Page 102 - Doctrine and History of the Preservation of the Bible revised
P. 102

Chapter 14:  Interpreting Figurative Passages


                             Connect…


               When my children were small, they liked for me to read them “fairy tales.”  Of particular interest was
               the story of Jack and the Bean Stock.  A little boy named Jack found a special bean that grew a huge
               bean stock that seemed to go up to heaven.  He climbed the stalk and found another world at its top,
               including a golden egg and a large giant.  But the story was not real.  It was a tale.


               Some Bible interpreters try to say that some stories in the Bible are not real, but “fairy tales.” “How can
               a man live in the belly of a great fish for several days,” they ask?  So, they say the Bible is an allegory or
               stories, while not real, represent a nice thought.


               There are passages in the Bible that don’t seem to make sense.  There are verses that definitely describe
               figurative rather than literal figures.  So how do we manage these verses without throwing out the literal
               interpretation of the Bible?  That is the challenging question we plan to embark upon today.

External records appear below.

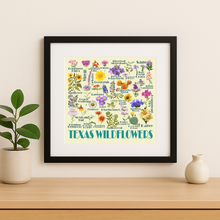Load image into Gallery viewer, Texas Wildflowers Wall Print showcasing bold colors and retro design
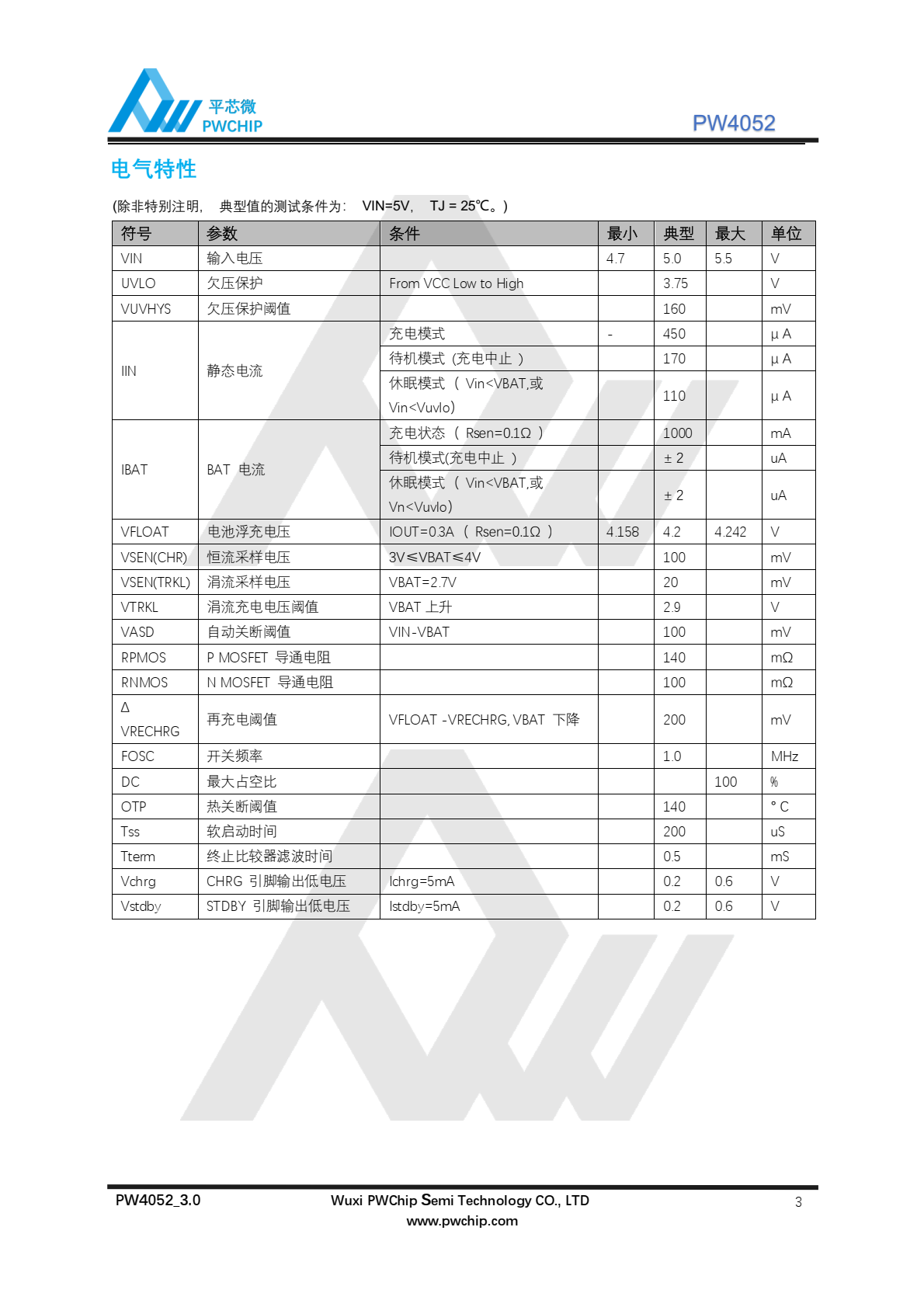 代理PW4052 ，是一颗适用于单节锂电池的、具有恒压/恒流充电模式的充电管理 IC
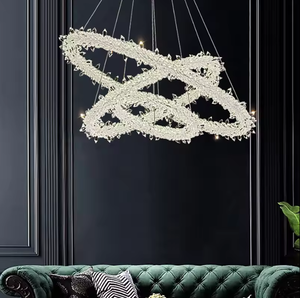 Zeal Lighting Luz moderna Sala de estar de lujo Colgante de cristal Lámpara de araña de cristal blanco - Product Image 3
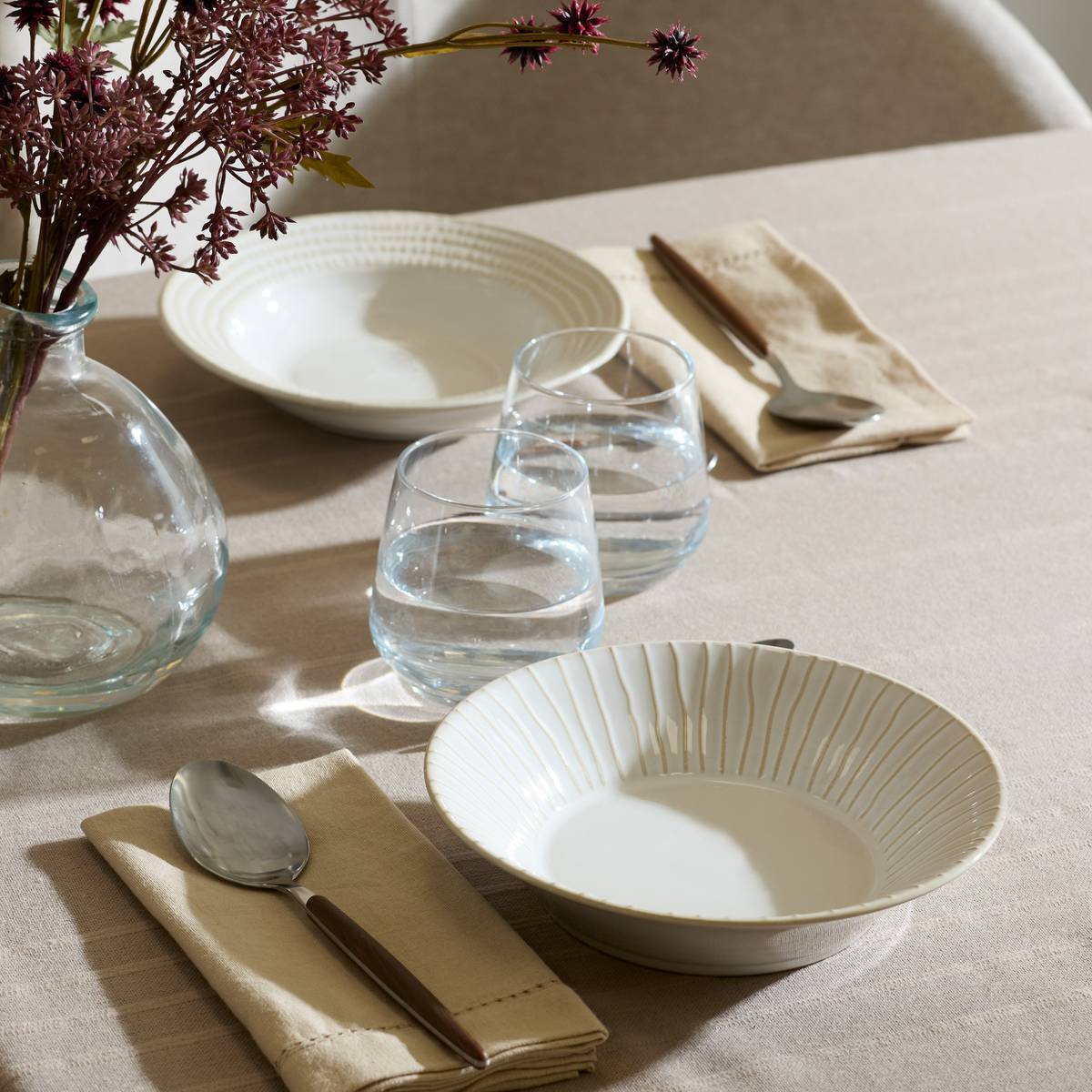 Lot de 6 Assiette creuse à bord rayé Camille D.20cm blanc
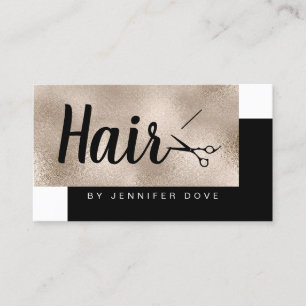 Elegant stylish champagne scissors hairstylist business card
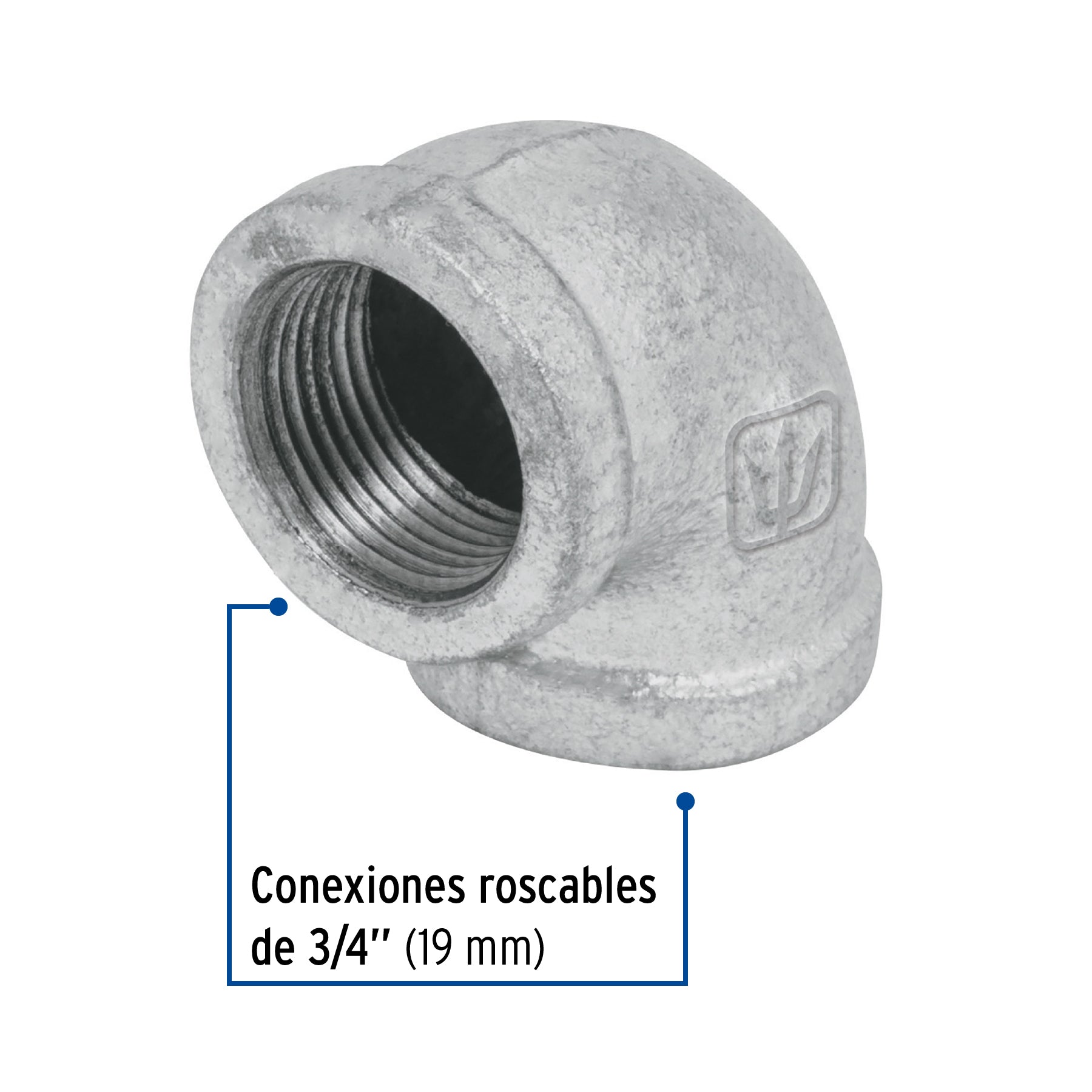 Codo 90° acero galvanizado de 3/4', Foset CG-502 47558 MM00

                        Objectives…


               1.  The student should be able to describe how to interpret figurative words or phrases in the Bible.


               2. The student should be able to explain how to understand some difficult and problematic portions of
               the Bible that are not really clear to us.


               3. The student should be able to discuss why we may never be able to understand 100% of the Bible, but
               we will learn to trust the One who wrote it without error.



                           The Lesson ...


               Dealing with Figurative Passages

               Some passages of Scripture are figurative because they simply cannot be understood literally.
               Sometimes a symbol is described which has no connection to reality.  In some cases, the passage itself
               gives you the meaning of that which is figurative.  In other cases, it appears that God leaves that up to a
               future date to reveal the meaning of a passage.

               Here are a couple examples of figurative verses:

               John 15:5   I am the vine; you are the branches. Whoever abides in me and I in him, he it is that bears

               much fruit, for apart from me you can do nothing.